And then—finally—Damon noticed the aura he should have seen first. He had been so focused on Bonnie and her surroundings, and then he’d spread out his probe over just a little more physica
l space . . . but still, he rebuked himself, that was no excuse. Any ordinary visitor would have seen in the hospital one aura that overshadowed all the others, one so strong that Damon had to zoom his out perception several times so that he could view all of it.
That was when he found that except for the sheer dimensions of the swollen aura, it was familiar to him. Too familiar, as a matter of fact. He’d known it all his life. It belonged to his younger brother, Stefan.
Instantly, rage washed over Damon again. There was only one way that Stefan’s aura could have gotten the way it was, and it explained why Elena’s life-force was so dim, and why Bonnie had sent that telepathic scream toward Damon.
Damon landed, changed into human form and sent his demand on a tight beam directly to Stefan, making no attempt to hide his feelings of contempt and white-hot fury. On the roof, little brother. And right this instant.
It never occurred to him for a moment to be afraid. The tremendous aura didn’t threaten him, it challenged.
It excited.
And just this minute it was moving toward him, as Stefan himself walked—rapidly and sinuously—out of a door on the roof.

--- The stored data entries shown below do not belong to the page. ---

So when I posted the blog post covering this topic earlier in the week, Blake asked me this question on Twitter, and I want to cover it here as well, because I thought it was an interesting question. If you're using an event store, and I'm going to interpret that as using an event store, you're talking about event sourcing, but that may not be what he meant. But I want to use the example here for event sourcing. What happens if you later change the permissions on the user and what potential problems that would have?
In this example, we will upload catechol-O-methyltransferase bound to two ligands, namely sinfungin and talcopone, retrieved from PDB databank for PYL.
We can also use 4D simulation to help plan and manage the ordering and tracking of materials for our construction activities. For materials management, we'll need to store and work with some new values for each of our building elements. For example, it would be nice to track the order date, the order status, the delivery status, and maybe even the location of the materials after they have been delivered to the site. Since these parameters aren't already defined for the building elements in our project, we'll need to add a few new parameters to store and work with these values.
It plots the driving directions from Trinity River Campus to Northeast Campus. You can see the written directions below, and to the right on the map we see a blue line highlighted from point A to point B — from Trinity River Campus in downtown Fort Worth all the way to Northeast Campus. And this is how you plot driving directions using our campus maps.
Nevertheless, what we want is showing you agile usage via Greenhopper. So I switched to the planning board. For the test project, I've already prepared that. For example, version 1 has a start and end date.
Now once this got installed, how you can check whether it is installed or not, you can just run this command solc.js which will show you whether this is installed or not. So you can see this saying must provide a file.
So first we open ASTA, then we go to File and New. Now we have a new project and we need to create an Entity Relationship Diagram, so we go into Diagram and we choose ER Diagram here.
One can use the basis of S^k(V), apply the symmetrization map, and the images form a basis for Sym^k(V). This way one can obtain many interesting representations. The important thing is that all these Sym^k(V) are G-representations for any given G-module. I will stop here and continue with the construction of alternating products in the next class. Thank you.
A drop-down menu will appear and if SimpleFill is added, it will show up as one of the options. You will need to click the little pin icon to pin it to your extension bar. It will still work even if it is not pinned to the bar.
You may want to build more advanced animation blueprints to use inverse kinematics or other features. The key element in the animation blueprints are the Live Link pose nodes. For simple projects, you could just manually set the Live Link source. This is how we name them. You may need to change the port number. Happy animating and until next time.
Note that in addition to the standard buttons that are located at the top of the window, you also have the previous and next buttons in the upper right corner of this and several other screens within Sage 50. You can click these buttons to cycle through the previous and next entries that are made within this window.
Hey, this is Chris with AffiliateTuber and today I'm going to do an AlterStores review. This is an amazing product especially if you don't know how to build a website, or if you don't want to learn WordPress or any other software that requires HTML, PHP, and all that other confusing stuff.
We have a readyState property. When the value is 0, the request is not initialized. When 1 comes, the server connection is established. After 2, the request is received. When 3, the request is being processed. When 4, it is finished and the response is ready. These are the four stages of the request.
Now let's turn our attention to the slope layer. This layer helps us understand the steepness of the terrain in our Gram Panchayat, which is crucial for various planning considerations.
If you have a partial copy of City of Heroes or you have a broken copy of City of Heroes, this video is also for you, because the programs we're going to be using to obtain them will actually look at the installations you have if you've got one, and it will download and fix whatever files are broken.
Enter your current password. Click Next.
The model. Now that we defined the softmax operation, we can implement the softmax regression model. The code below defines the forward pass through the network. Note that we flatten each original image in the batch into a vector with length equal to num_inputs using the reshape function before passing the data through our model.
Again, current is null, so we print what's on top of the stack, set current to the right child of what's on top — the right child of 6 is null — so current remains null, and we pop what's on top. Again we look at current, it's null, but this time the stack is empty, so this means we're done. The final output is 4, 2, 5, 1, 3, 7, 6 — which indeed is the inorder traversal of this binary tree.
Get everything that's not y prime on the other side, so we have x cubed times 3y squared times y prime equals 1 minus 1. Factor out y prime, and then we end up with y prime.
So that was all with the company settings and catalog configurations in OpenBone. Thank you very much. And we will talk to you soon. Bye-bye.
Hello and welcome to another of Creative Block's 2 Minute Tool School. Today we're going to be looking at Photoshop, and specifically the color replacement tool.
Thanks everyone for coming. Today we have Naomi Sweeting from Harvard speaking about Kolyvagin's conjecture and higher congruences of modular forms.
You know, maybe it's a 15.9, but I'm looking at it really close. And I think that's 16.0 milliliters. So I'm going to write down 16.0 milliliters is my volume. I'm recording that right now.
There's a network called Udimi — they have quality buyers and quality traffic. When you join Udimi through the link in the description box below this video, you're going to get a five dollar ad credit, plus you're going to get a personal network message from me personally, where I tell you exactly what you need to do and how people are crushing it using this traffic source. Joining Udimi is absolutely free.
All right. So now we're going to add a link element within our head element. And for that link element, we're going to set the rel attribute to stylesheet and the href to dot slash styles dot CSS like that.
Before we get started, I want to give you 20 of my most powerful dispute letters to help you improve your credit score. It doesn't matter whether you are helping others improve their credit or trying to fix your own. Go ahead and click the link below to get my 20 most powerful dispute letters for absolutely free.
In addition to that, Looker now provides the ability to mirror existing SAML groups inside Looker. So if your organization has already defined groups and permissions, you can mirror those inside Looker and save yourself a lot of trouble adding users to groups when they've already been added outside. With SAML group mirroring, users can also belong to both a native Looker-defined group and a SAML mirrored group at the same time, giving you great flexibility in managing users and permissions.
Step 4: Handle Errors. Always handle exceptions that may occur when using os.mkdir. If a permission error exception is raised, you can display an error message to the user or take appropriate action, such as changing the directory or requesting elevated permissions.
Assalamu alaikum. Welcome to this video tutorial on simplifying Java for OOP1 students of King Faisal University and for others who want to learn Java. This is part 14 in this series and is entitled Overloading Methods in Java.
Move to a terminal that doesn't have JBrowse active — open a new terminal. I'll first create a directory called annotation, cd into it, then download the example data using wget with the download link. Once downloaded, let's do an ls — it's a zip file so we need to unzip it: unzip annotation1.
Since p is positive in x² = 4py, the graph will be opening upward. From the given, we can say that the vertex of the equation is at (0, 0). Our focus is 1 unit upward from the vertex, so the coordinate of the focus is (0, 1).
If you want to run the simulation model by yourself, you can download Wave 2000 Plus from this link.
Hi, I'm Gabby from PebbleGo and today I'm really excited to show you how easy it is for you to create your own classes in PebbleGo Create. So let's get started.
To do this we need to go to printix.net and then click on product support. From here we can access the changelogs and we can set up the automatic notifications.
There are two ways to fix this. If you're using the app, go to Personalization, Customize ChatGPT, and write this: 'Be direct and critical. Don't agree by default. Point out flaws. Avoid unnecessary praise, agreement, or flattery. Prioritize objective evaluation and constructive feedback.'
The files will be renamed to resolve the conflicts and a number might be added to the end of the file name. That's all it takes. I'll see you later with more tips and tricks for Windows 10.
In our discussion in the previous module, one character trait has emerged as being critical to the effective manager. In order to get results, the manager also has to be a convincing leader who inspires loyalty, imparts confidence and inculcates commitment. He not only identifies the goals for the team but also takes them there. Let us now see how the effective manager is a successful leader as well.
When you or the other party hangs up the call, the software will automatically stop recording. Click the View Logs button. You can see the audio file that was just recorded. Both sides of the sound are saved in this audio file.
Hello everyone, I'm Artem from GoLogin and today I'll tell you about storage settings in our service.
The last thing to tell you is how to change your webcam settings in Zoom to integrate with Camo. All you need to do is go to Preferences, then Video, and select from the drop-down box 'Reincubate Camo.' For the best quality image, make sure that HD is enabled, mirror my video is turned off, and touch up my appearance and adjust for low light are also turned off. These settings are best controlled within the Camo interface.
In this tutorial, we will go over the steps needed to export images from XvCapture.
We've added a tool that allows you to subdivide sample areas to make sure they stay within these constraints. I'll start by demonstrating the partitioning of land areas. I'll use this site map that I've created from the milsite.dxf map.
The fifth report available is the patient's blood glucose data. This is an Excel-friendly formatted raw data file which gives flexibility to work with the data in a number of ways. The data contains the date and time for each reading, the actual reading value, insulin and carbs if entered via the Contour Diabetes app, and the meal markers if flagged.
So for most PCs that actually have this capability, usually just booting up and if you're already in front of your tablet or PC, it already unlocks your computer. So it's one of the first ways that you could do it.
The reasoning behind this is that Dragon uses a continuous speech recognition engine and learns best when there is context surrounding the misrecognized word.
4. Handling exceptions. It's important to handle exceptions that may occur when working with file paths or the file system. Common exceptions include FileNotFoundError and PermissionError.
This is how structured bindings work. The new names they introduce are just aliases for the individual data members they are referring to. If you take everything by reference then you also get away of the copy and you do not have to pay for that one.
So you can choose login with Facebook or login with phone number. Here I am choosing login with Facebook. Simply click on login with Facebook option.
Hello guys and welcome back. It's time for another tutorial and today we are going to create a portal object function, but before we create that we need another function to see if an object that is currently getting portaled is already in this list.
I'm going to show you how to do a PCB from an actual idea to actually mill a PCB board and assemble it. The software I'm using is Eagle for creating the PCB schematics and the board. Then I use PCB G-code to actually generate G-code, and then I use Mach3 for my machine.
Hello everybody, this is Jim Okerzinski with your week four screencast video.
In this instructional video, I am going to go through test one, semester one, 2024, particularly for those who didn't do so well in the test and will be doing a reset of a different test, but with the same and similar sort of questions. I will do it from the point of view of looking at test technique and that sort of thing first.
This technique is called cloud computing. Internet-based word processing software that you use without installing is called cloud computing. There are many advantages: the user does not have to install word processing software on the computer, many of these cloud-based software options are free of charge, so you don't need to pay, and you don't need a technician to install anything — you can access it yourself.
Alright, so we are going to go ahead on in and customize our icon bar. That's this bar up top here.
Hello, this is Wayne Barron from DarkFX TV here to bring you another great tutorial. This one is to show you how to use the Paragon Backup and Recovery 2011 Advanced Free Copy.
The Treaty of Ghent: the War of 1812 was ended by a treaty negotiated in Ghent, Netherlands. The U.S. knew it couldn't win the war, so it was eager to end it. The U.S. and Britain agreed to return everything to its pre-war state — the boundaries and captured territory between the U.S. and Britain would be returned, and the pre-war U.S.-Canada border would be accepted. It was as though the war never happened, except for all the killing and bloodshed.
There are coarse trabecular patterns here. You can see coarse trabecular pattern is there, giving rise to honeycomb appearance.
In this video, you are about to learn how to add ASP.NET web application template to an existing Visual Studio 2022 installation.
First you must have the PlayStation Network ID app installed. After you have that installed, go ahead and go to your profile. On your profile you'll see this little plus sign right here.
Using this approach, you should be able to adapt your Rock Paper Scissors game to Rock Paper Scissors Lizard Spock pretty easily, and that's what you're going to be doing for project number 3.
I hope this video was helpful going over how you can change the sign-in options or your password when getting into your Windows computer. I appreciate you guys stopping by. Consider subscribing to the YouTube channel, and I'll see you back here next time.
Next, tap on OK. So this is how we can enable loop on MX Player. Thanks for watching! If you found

“What in Hell happened?” Damon shouted at him. “What happened here?”
Stefan regarded him with eerily calm green eyes and spoke with no particular emphasis. “I killed Elena. I mean—a little—she might have been technically dead for an instant. She came right back. But I did it, yes. Basically, I exsanguinated her.”
Damon was taking in every aspect of Stefan’s behavior. Stefan was obviously and entirely insane. Damon pulled in his raging aura and took a couple of deep breaths. You had to step carefully around madmen in a conversation. Damon knew that because he’d so often been the madman himself. Insanity didn’t frighten him, but he had a healthy respect for it, especially when it was backed up by as much Power as Stefan had right now.
“And—Bonnie?” he said very softly, having an instant’s strange trouble getting the name out.. “You killed her—a little—too?”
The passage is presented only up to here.